Lewis then asked Kleffner if he had understood it correctly, that in 1988 there had been a smaller NIAC which later turned into an IAC. This was not correct, said Kleffner. He explained that in 1988, there had been two separate and independent conflicts. One had been a NIAC and the other an IAC. Around July to September 1988, according to the facts provided to him, there were no longer two separate conflicts but only one conflict – an international one. This is confirmed both by the “overall control” test and the alternative approach suggested in literature, according to Kleffner. Lewis then asked Kleffner a few follow-up questions and the hearing ended with judge Zander informing that the court would reassemble after lunch for the hearing with expert witness Sally Longworth. 

Expert Witness 7 – Sally Longworth

The hearing was started by judge Zander welcoming the expert witness, Sally Longworth, and informing her that she had been called to testify about the assessment of armed conflicts and in particular her legal assessment of the armed conflict in Iran 1988. The floor was then given to the prosecution.  

Again, prosecutor Karolina Wieslander started the hearing by asking Longworth to describe her academic background. Longworth responded that she is currently a doctoral candidate at Stockholm University within the field of IHL. She had, among other things, previously been a lecturer and researcher at the Swedish Defense University, a legal assistant at the Special Court for Sierra Leone and is a member of the Bar Human Rights Committee of England and Wales.

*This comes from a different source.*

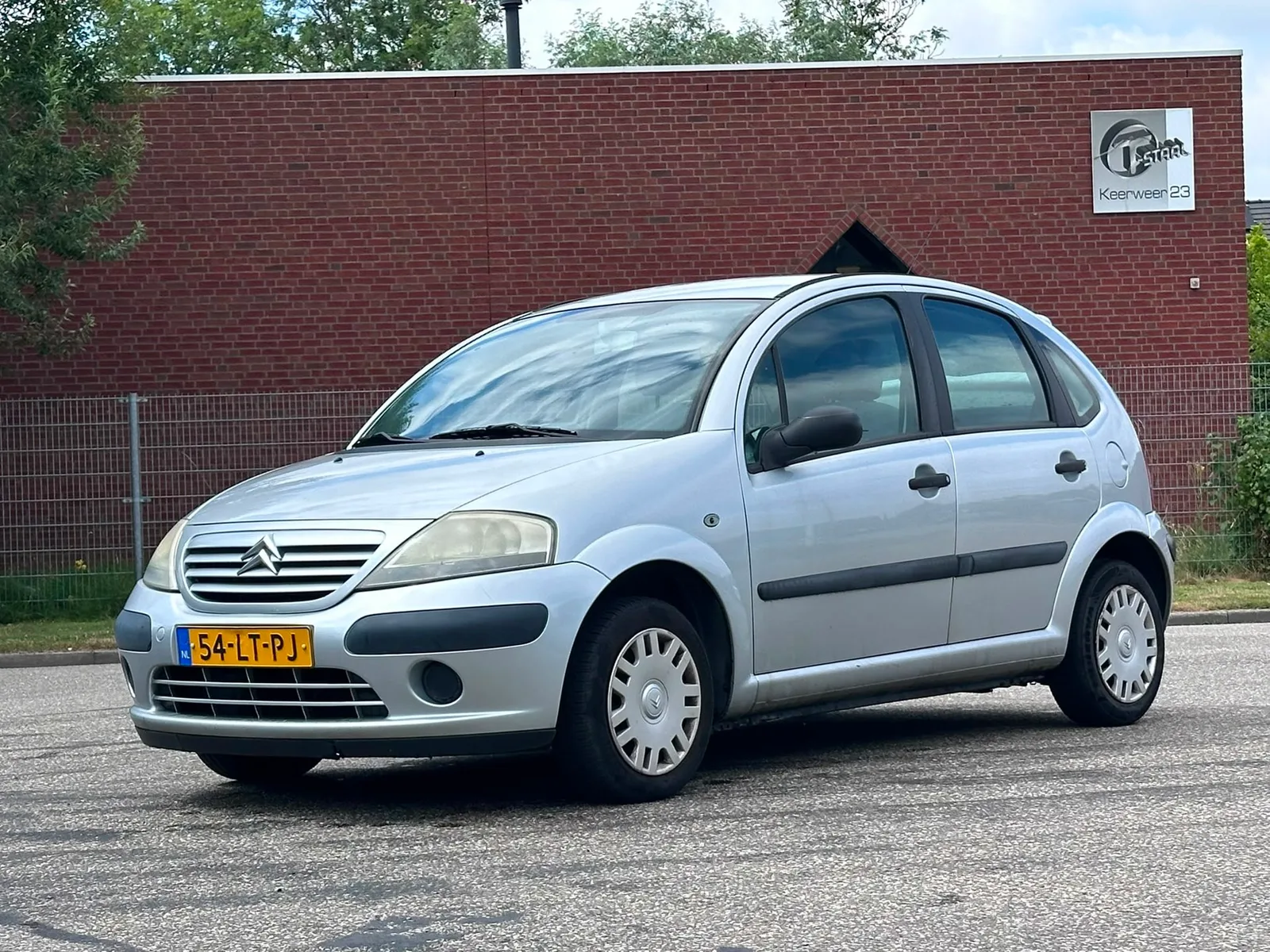 Citroën C3 (2003) — foto 1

Longworth explained that she had been asked by the police whether she agreed with Kleffner’s legal opinion about the armed conflict, and she informed the court that she had been given the same materials as him. Wieslander then asked Longworth if she could stand behind Kleffner’s reasoning regarding how one assesses whether an armed conflict should be classified as a NIAC or IAC. Longworth answered that she agreed with Kleffner and that she had nothing to add. Wieslander then moved on to ask Longworth about the situation in 1988 and the use of force that was being used between MEK and Iran and if, according to her, the prerequisites for an armed conflict were fulfilled. Longworth responded that they had been fulfilled in 1988.   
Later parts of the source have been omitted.